El segundo capítulo tuvo sabor a torería clásica. Luis Viloria dejó una vara en lo alto y medida, de esas que hacen toro y dan crédito al picador. Carlos Rodríguez, inteligente y diligente, entendió las querencias del animal y lo llevó siempre por donde más convenía, sin alargar en exceso ni escatimar castigo. El gesto de categoría llegó cuando el matador Luis David Adame invitó a Jesús Enrique Colombo a compartir el tercio de banderillas. La suerte, ejecutada con reunión y exposición, levantó al tendido y recordó que la lidia también es compañerismo y alegría compartida.
En el tercero, Efraín Ospina mostró por qué el oficio se forja con años. Eficiente en su labor, aguantó los arreones del burel con firmeza y serenidad. Tanto fue así que, en el tercero bis, volvió a intervenir dejando una muy buena vara, soportando la embestida y manteniendo el castigo justo. La brega de Alex Benavidez fue discreta, sin alardes, cumpliendo con el guion necesario para no romper la armonía del trasteo. De nuevo, Colombo y Adame asumieron el protagonismo en banderillas, ejecutando el tercio con vistosidad y llegando a la parroquia, que respondió con palmas sinceras.

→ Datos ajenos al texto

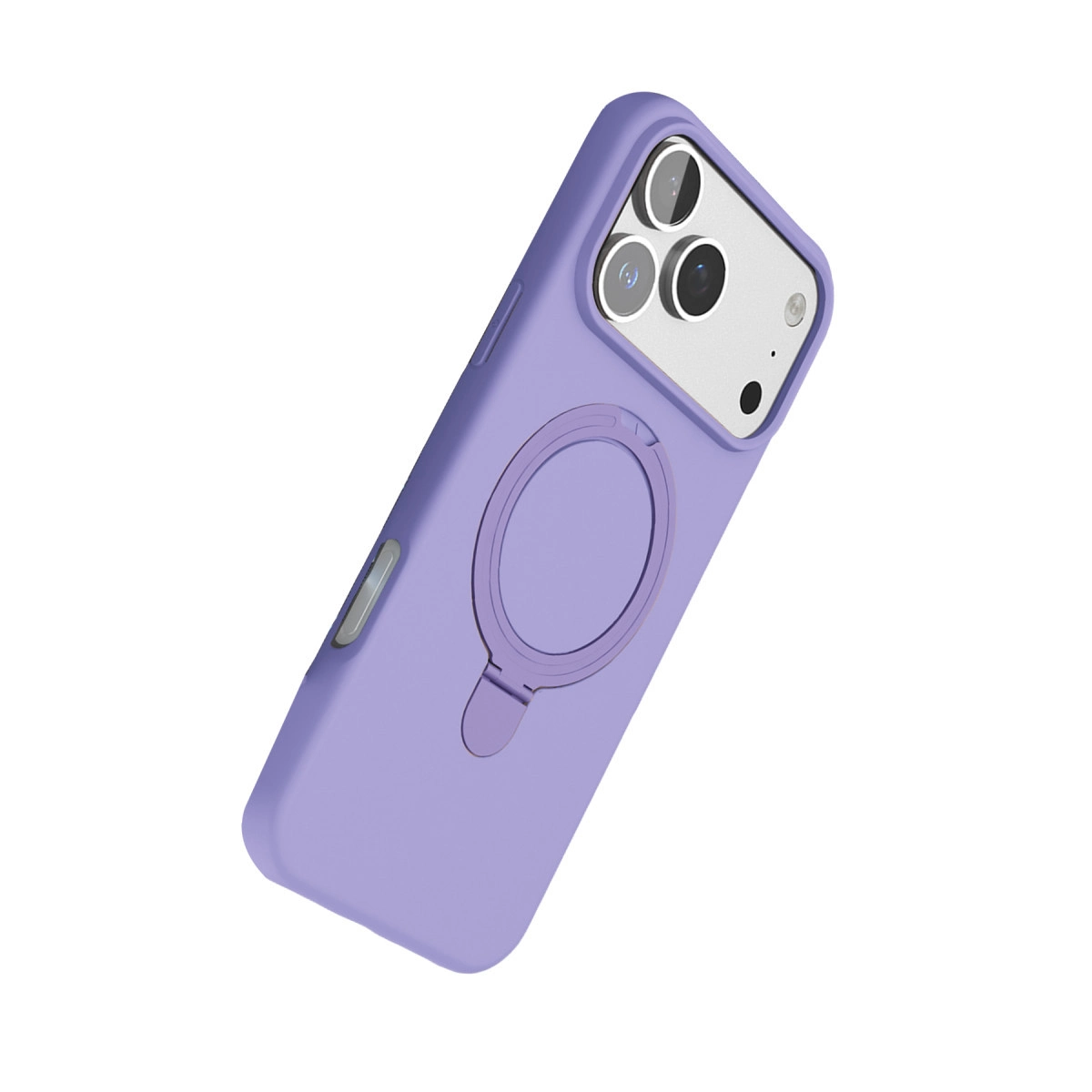 Halka tutuculu ve kamera kesimli mor iPhone kılıfı.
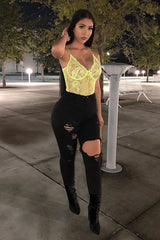 Lime Green Sheer Lace Bodysuit - Katia-Bodysuits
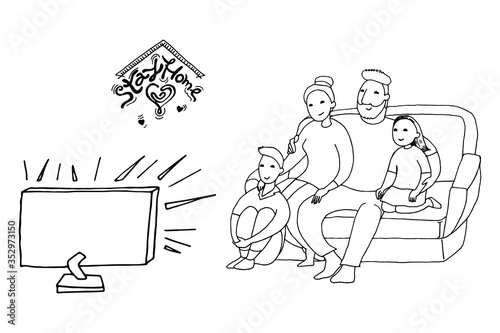 family, watching TV together on the couch, in the evening, father, mother, son and daughter, vector illustration, black and white, doodle, sketch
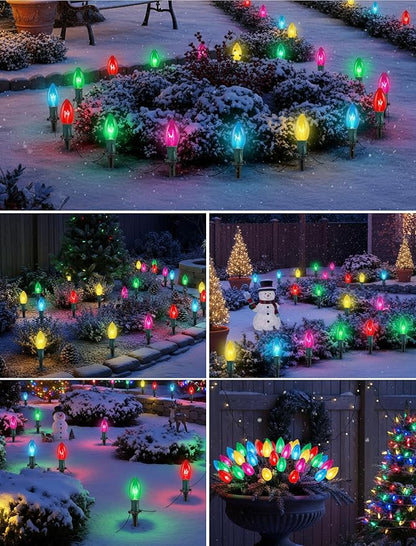 C9 Multicolor Christmas Pathway Lights,38FT 25 Pcs Multicolored Extendable Waterproof Christmas Walkway Lights with Multicolor Bulbs and Stakes for Outdoor Lawn Garden Sidewalk Xmas Decorations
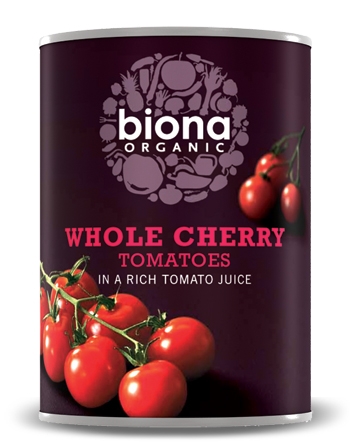 Rosii cherry intregi in suc propriu eco 400g - BIONA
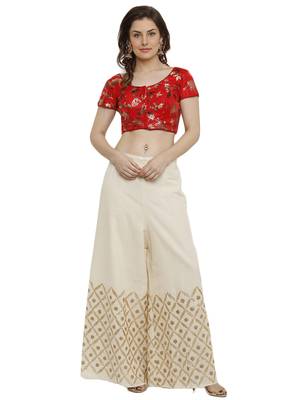 Dupion Silk With Digital Foil Print Red Princess Cut Readymade Saree Blouse 5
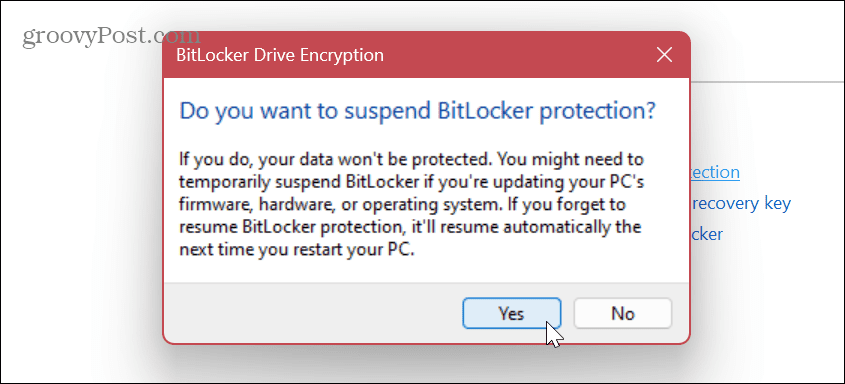 Deaktiver eller suspender BitLocker 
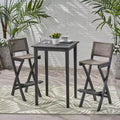Polaris 3pc Wood and Wicker 26" Square Bar Set Dark Gray - Christopher Knight Home: Weather-Resistant Patio Dining Set with 2 Stools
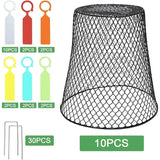 10 Pcs Metal Chicken Wire Cloche Plant Covers Garden Netting Animal Protectors with Stakes Labels Seedlings Flowers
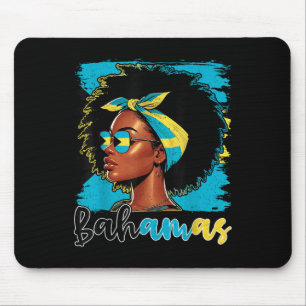 Tapis De Souris Fille bahamienne Drapeau des Bahamas Femme bahamie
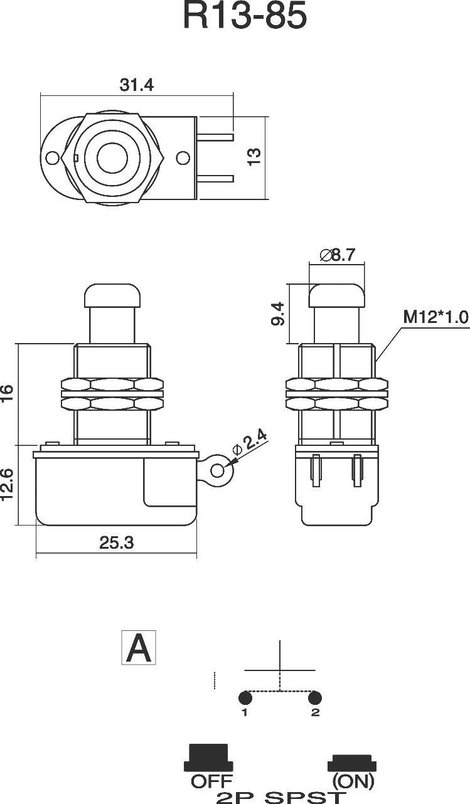 Nyomógomb 250 V/AC 3 A 1 x KI/(BE) TRU COMPONENTS TC-R13-85A-05 Nyomó 2. kép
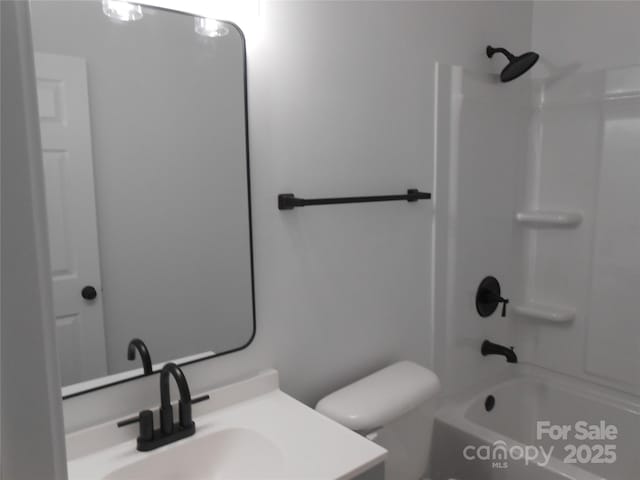 full bathroom with shower / bath combination, toilet, and vanity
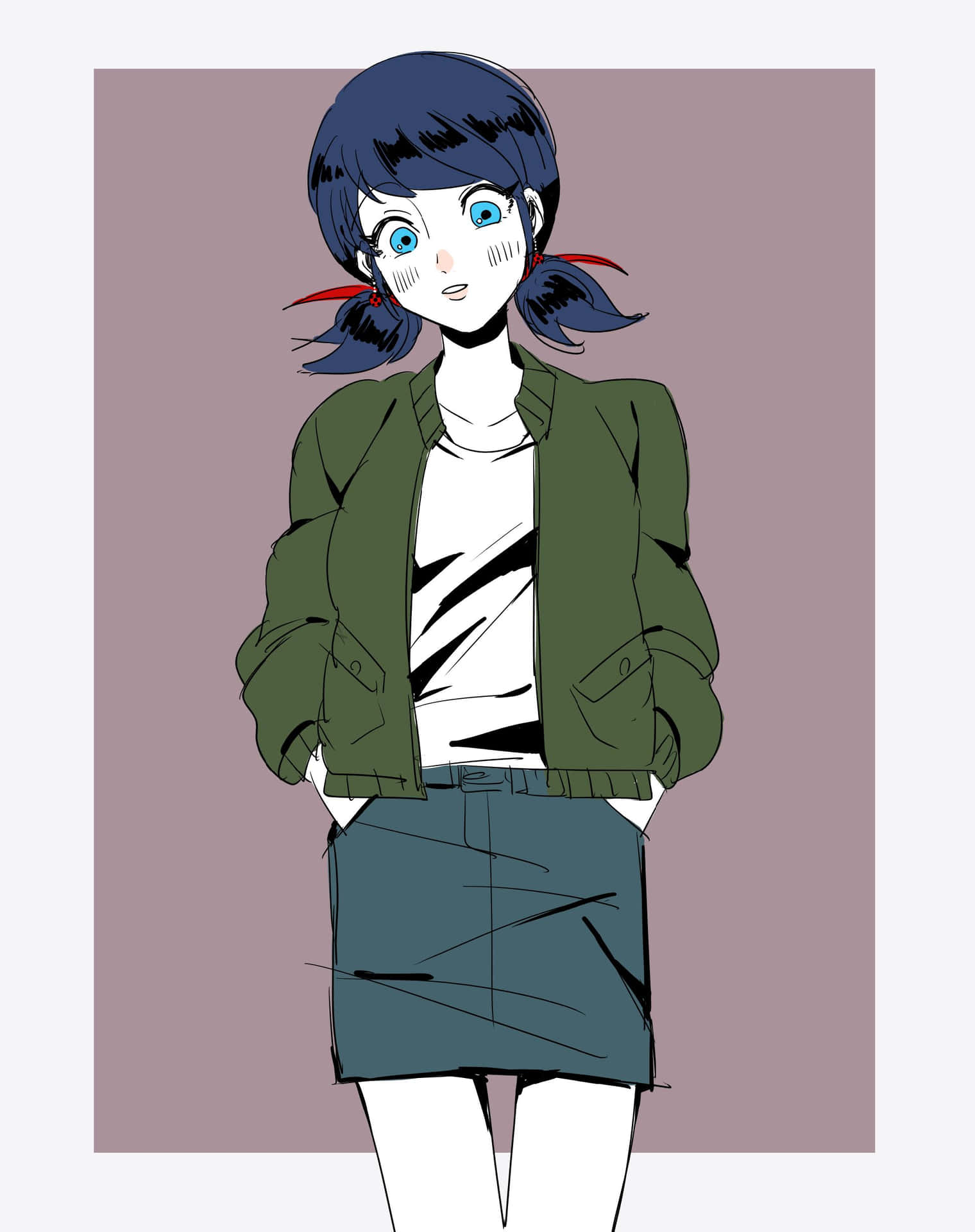 Marinette Dupain Cheng Anime Style Background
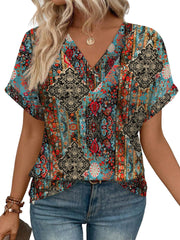 Women's Casual Round Neck Striped T-shirt Top - kinko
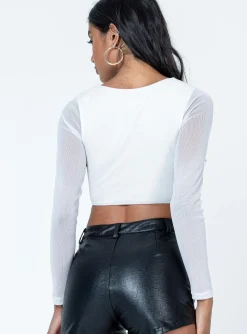 Princess Polly Neri Long Sleeve Top White Flash Sale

El cuarto toro encontró en William Torres a un picador seguro, que dejó buena vara manejando con acierto la cabalgadura y cuidando el embroque. Emerson Pineda, en la brega, estuvo prudente, marcando bien los tiempos y evitando que el toro se viniera arriba sin control. Jhon Jairo Suaza clavó dos buenos pares de banderillas, reunidos y en la cara, y Andrés Herrera mantuvo la misma tónica de entrega y precisión, consolidando un tercio que dio lucimiento y confianza.
En el quinto, Reinario Bulla fue eficaz con el puyazo, midiendo el castigo y saliendo limpio del encuentro. La tarde volvió a vibrar cuando el propio Luis David Adame tomó los palos y ejecutó la suerte de banderillas, contagiando al tendido con su decisión y alegría. José Calvo firmó una brega muy buena, de esas que no se notan, pero se sienten, colocando al toro siempre en el sitio justo para que la faena tuviera principio y orden.
El cierre tuvo tintes de épica profesional. Edgar Arandia propinó una vara de mérito, reponiendo tras un tumbo en el embroque. Aguantó, corrigió y logró el propósito, demostrando que el valor también se ejerce bajo el peto. Iván Darío Giraldo realizó una brega oportuna y eficaz, sacando al toro de terrenos comprometidos y facilitando el lucimiento posterior. Jesús Enrique Colombo asumió el tercio de banderillas con decisión, alegrando de nuevo a la parroquia y poniendo el broche emotivo a una tarde de trabajo colectivo.
Así, más allá de los nombres propios y de las luces que al final se encienden para uno solo, la corrida dejó una enseñanza clara: el triunfo en los toros es una obra coral. Cada cuadrillero, cada picador y cada banderillero aportó su grano de arena con profesionalismo y entrega. Sin ese trabajo invisible, callado y preciso, el arte del matador no encontraría el terreno fértil donde florecer. En esta tarde, las cuadrillas fueron el cimiento firme sobre el que se levantó la gloria.